START STORED DATA

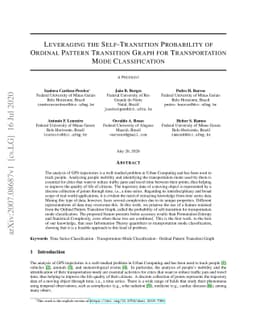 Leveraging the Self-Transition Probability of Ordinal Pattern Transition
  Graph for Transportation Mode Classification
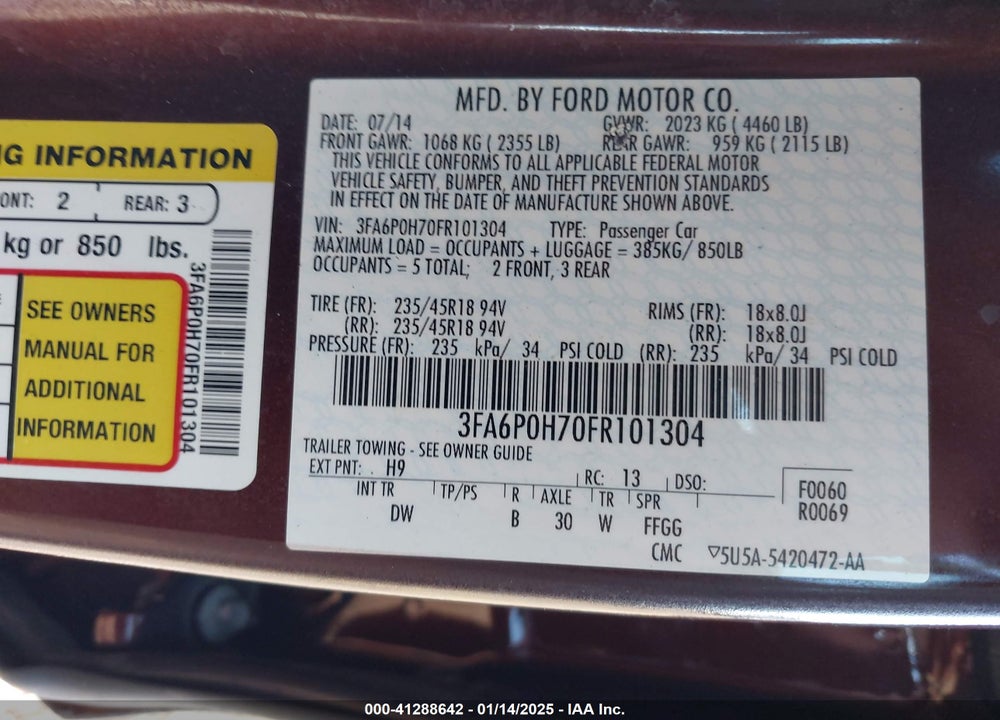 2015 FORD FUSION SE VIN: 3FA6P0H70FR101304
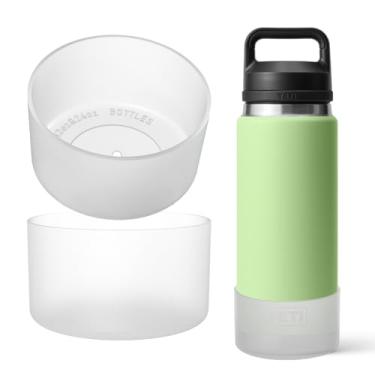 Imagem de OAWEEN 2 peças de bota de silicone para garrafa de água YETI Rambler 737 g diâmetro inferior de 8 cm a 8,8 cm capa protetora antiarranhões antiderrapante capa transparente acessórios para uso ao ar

END STORED DATA

An acceptable answer consists of the lines above from the one holding "Graph for Transportation" to the end of the data, repeated exactly and containing no pictures.

> [ANSWER BOX]:
  Graph for Transportation Mode Classification
 2015 FORD FUSION SE VIN: 3FA6P0H70FR101304
 Imagem de OAWEEN 2 peças de bota de silicone para garrafa de água YETI Rambler 737 g diâmetro inferior de 8 cm a 8,8 cm capa protetora antiarranhões antiderrapante capa transparente acessórios para uso ao ar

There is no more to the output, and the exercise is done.